■ **What to work on**:
Exactly as written, retype the listing below, omitting the pictures.

[Exercise data Boundary: Start]

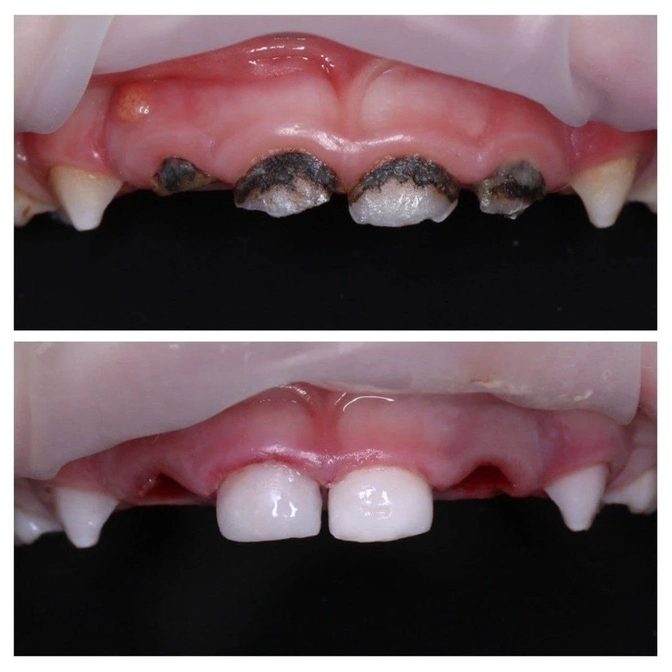 Почему я против серебрения? 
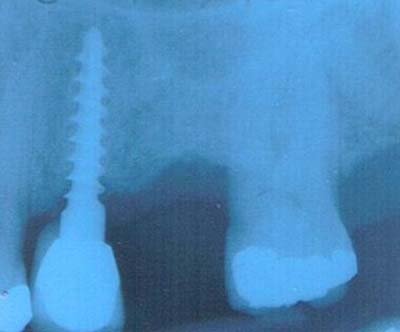 imagen de una radiografia que muestra un implante dental Radiogracia de implante dental en Santander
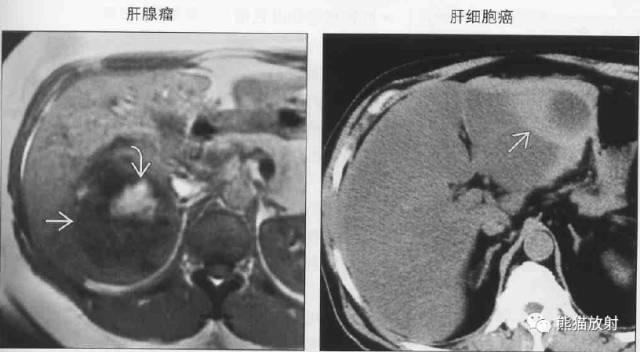 【书摘】“伴有出血的局部肝损害”之鉴别诊断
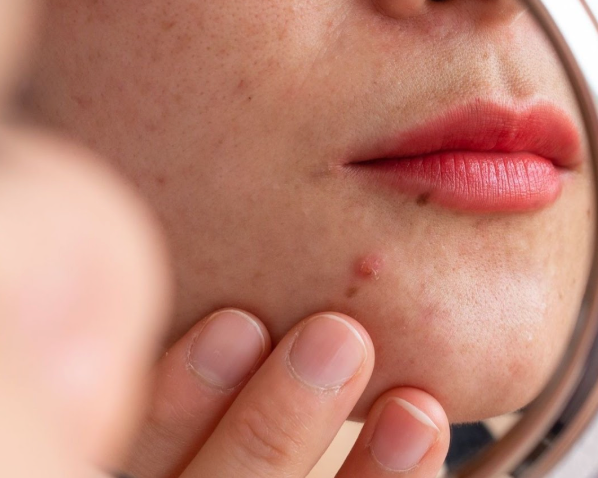 Post-Sun Repair for GCC: Calm, Rehydrate, and Even Tone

[Exercise data Boundary: End]

■ **Exercise answer**:
 Почему я против серебрения? 
 imagen de una radiografia que muestra un implante dental Radiogracia de implante dental en Santander
 【书摘】“伴有出血的局部肝损害”之鉴别诊断
 Post-Sun Repair for GCC: Calm, Rehydrate, and Even Tone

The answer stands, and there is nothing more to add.